On Friday, October 21, 2016 at 10:05:04 PM UTC-5, Ralph Smith wrote:
>
> On looking more carefully, I believe I was mistaken about thread 
> assignment to cores - that seems to be done well in OpenBLAS (and maybe 
> Linux in general nowadays).  Perhaps the erratic benchmarks under 
> hyperthreading - even after heap management is tamed - arise when the 
> operating system detects idle virtual cores and schedules disruptive 
> processes there.
>
> On Friday, October 21, 2016 at 12:09:07 AM UTC-4, Ralph Smith wrote:
>>
>> That's interesting, I see the code in OpenBLAS. However, on the Linux 
>> systems I use, when I had hyperthreading enabled the allocations looked 
>> random, and I generally got less consistent benchmarks.  I'll have to check 
>> that again.
>>
>> You can also avoid the memory allocation effects by something like
>> using BenchmarkTools
>> a = rand(n,n); b=rand(n,n); c = similar(a);
>> @benchmark A_mul_B!($c,$a,$b)
>>
>> Of course this is only directly relevant to your real workload if that is 
>> dominated by sections where you can optimize away allocations and memory 
>> latency.
>>
>>
>> On Thursday, October 20, 2016 at 11:00:41 PM UTC-4, Thomas Covert wrote:
>>>
>>> Thanks - I will try to figure out how to do that.  I will note, however, 
>>> that the OpenBLAS FAQ suggests that OpenBLAS tries to avoid allocating 
>>> threads to the same physical core on machines with hyper threading, so 
>>> perhaps this is not the cause:
>>>
>>> https://github.com/xianyi/OpenBLAS/blob/master/GotoBLAS_03FAQ.txt
>>>
>>>
>>>
>>> On Thursday, October 20, 2016 at 4:45:51 PM UTC-5, Stefan Karpinski 
>>> wrote:
>>>>
>>>> I think Ralph is suggesting that you disable the CPU's hyperthreading 
>>>> if you run this kind of code often.
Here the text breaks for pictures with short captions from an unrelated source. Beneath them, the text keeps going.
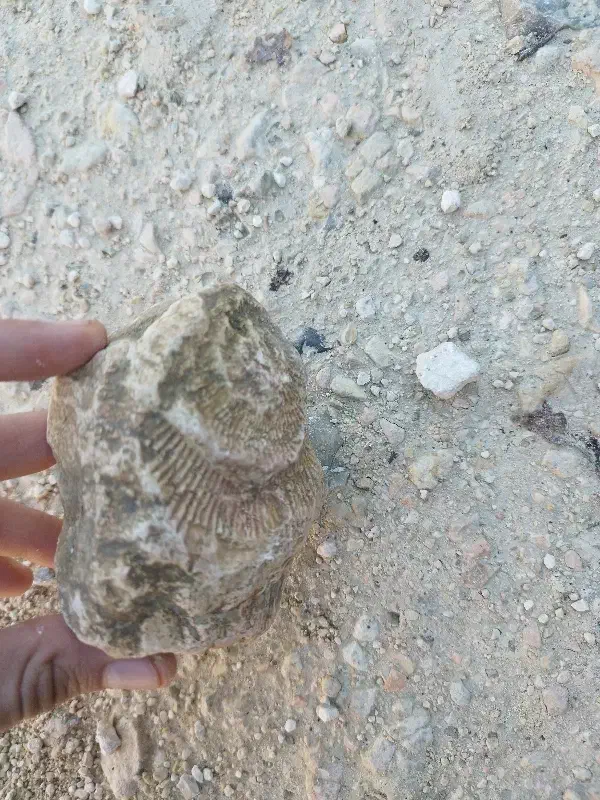 فسیل|کلکسیون اشیاء عتیقه|رستمکلا, |دیوار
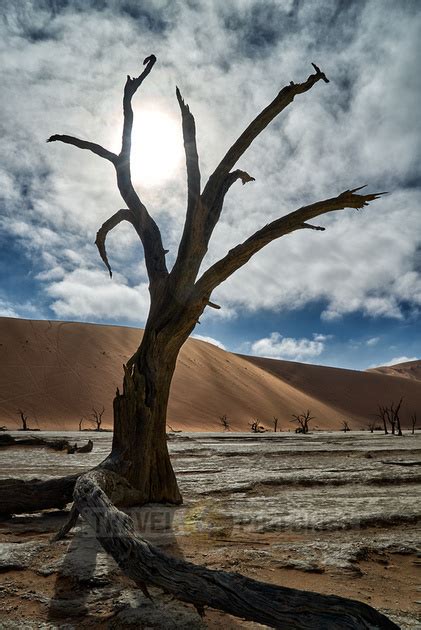 Travel4pictures Famous Dead Vlei With Dead Trees Desert Landscape Of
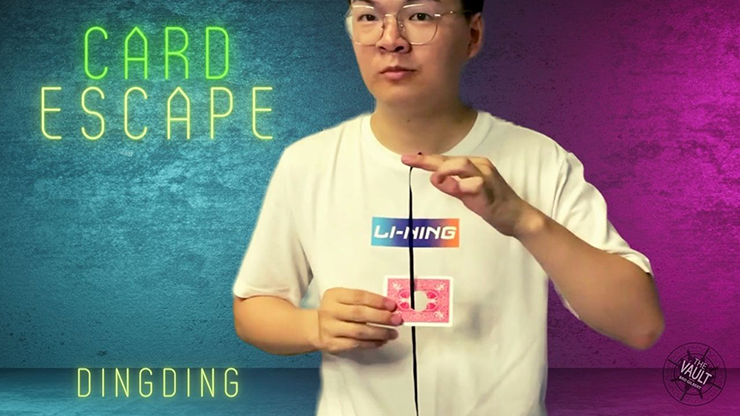 The Vault Card Escape by Dingding video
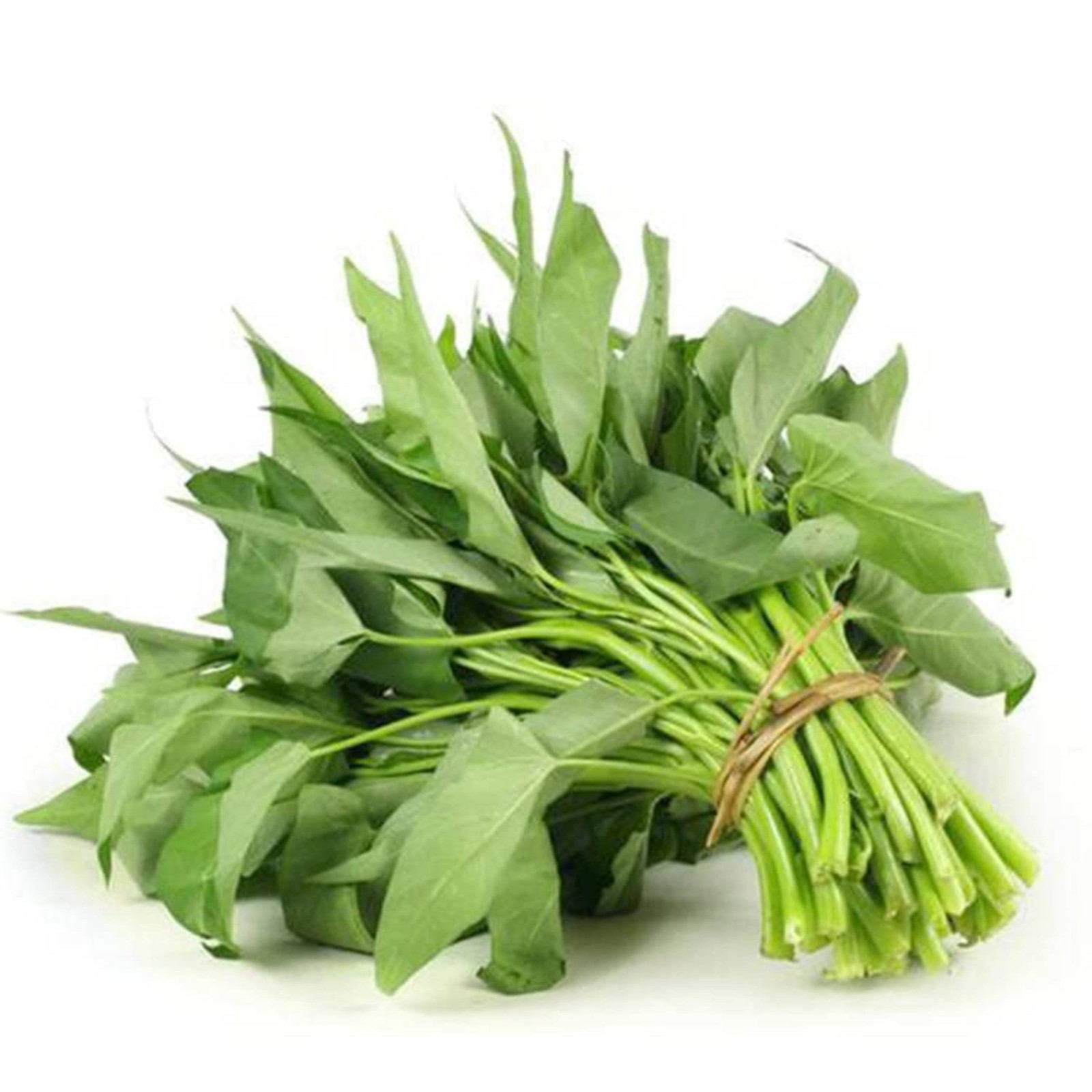 Dichmag 1000+ Kong Xin CAI Seeds for Yard & Garden – Non-GMO Rau Muong White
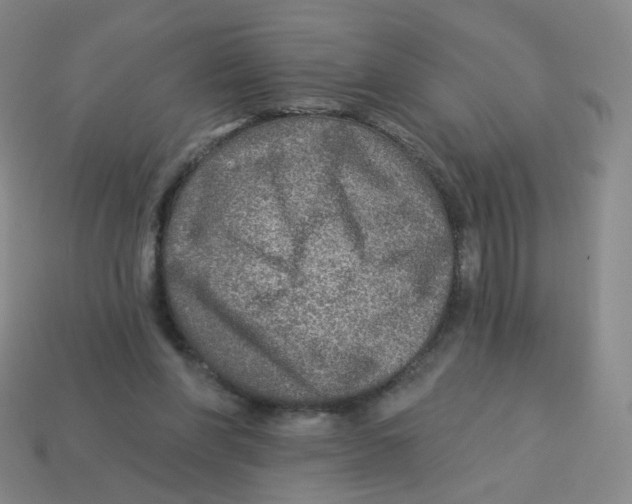 X0000113570206200910161525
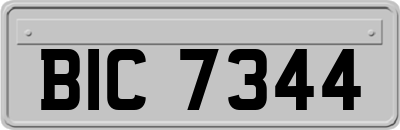 BIC7344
We've done that on our benchmarking 
>>>> machines, for example.
>>>>
>>>> On Wed, Oct 19, 2016 at 11:47 PM, Thomas Covert <thom....@gmail.com> 
>>>> wrote:
>>>>
>>>>> So are you suggesting that real numerical workloads under 
>>>>> BLAS.set_num_threads(4) will indeed be faster than 
>>>>> under BLAS.set_num_threads(2)?  That hasn't been my experience and I 
>>>>> figured the peakflops() example would constitute an MWE.  Is there 
>>>>> another 
>>>>> workload you would suggest I try to figure out if this is just a peak 
>>>>> flops() aberration or a real issue?
>>>>>
>>>>>
>>>>> On Wednesday, October 19, 2016 at 8:28:16 PM UTC-5, Ralph Smith wrote:
>>>>>>
>>>>>> At least 2 things contribute to erratic results from peakflops(). 
>>>>>> With hyperthreading, the threads are not always put on separate cores. 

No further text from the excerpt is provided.